L’Eurogruppo apre i rubinetti. Nuovo doping per Atene. Sì al prestito ponte da sette miliardi di euro

Non si sono fidati fino all’ultimo. Se non avessero visto prima il via libera del Parlamento greco, i ministri dell’Eurogruppo non avrebbero concesso il prestito ponte che adesso può far respirare la Grecia. Sette miliardi, giusto per pagare le scadenze più urgenti – altri prestiti scaduti con i creditori internazionali – in attesa del terzo piano di salvataggio che porterà nelle casse di Atene una cifra oscillante tra 82 e 86 miliardi. Soldi che hanno un altissimo costo economico, sociale e politico. Per averli il Paese ellenico ha dovuto varare nuove politiche recessive, e questo accentuerà la già difficilissima situazione delle imprese. I greci, dopo cinque anni di crisi e una povertà ormai dilagante, non ce la fanno più. E la tenuta della maggioranza che sostiene il Governo di Alexis Tsipras è sempre più a rischio. Syriza, il partito stesso del premier, è ormai spaccato e un po’ tutti i partiti pensano già al dopo, alle prossime elezioni che potrebbero essere non lontanissime.

POCA FIDUCIA
I ministri delle Finanze dell’area euro ieri però hanno fatto la loro parte e approvato in linea di principio il piano di salvataggio che verrà erogato dall’Esm, il meccanismo europeo di stabilità. Nel frattempo i 7 miliardi del prestito ponte dovranno bastare, insieme ai 900 milioni che parallelamente la Bce ha sbloccato per incrementare la liquidità d’emergenza delle banche. Dopo oltre tre settimane c’è assoluta necessità di riaprire gli istituti di credito. Ovviamente i sacrifici sono tutt’altro che finiti.
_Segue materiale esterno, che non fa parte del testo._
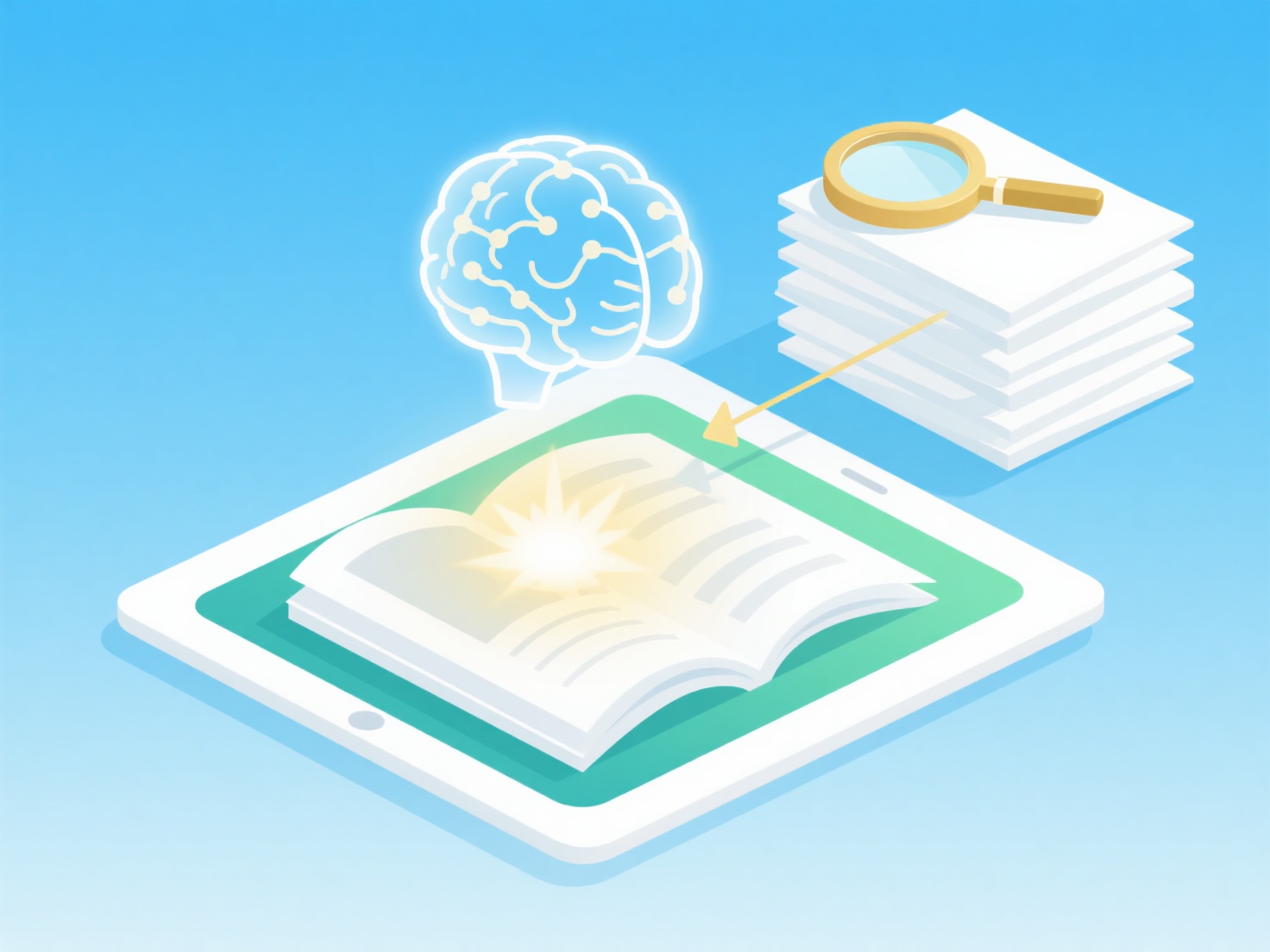 How can I check the citation count and impact factor of an article?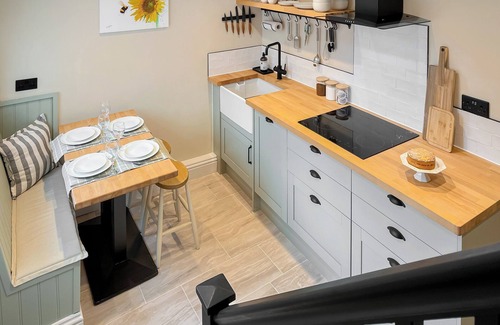 Howden Cabaña | Alojamiento de 2 habitaciones en Howden, Nr Goole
Anzi! L’Eurogruppo anche ieri ha ricordato le altre riforme che Atene si è impegnata ad approvare entro il 22 luglio. Contemporaneamente si è preso un po’ di tempo, con la scusa dei Parlamenti dei singoli Paesi Ue che devono ratificare i nuovi aiuti alla Grecia. Dal punto di vista tecnico, il finanziamento sarà erogato attraverso il vecchio fondo Efsm, instaurato nel 2010 per limitare il contagio greco che stava travolgendo Portogallo e Irlanda. Si tratta di una sorta di fratello minore del fondo salva-Stati Efsf, con una potenza di fuoco maggiore, che però ha meccanismi molto complessi e lunghi. Troppo per un Paese che non ha più tempo. Non ci sono infatti solo da saldare il Fondo monetario internazionale o la Banca centrale europea. La Grecia – tutta la Grecia – è allo stremo. I fornitori della pubblica amministrazione non sono pagati da mesi ed è a rischio il pagamento di stipendi e pensioni.

GREXIT
Oggi intanto il Parlamento tedesco voterà il soccorso ad Atene. Un adempimento che, pur non obbligatorio, è stato già affrontato da Francia, Spagna e Finlandia. Il voto di Berlino però assume un’importanza diversa. Il ministro delle Finanze tedesco, Wolfgang Schaeuble, che presenterà la richiesta al proprio Parlamento nazionale per il terzo salvataggio della Grecia resta convinto della necessità di una temporanea Grexit. Sullo sfondo resta infine l’incertezza del Fmi, che potrebbe persino rimangiarsi l’impegno ad aiutare la Grecia se non ne sarà ristrutturato il debito.